WHAT YOU NEED TO DO — Going through the data below, please show each line containing the string "multiple".

#### THE DATA ####

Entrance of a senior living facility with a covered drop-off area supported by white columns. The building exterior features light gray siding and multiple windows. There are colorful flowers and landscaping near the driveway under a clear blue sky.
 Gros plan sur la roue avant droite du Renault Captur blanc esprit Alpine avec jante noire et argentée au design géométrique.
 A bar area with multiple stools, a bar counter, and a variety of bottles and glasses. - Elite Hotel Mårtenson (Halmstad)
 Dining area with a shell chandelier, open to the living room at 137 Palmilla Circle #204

####

ANSWER TO THE EXERCISE —
Entrance of a senior living facility with a covered drop-off area supported by white columns. The building exterior features light gray siding and multiple windows. There are colorful flowers and landscaping near the driveway under a clear blue sky.
 A bar area with multiple stools, a bar counter, and a variety of bottles and glasses. - Elite Hotel Mårtenson (Halmstad)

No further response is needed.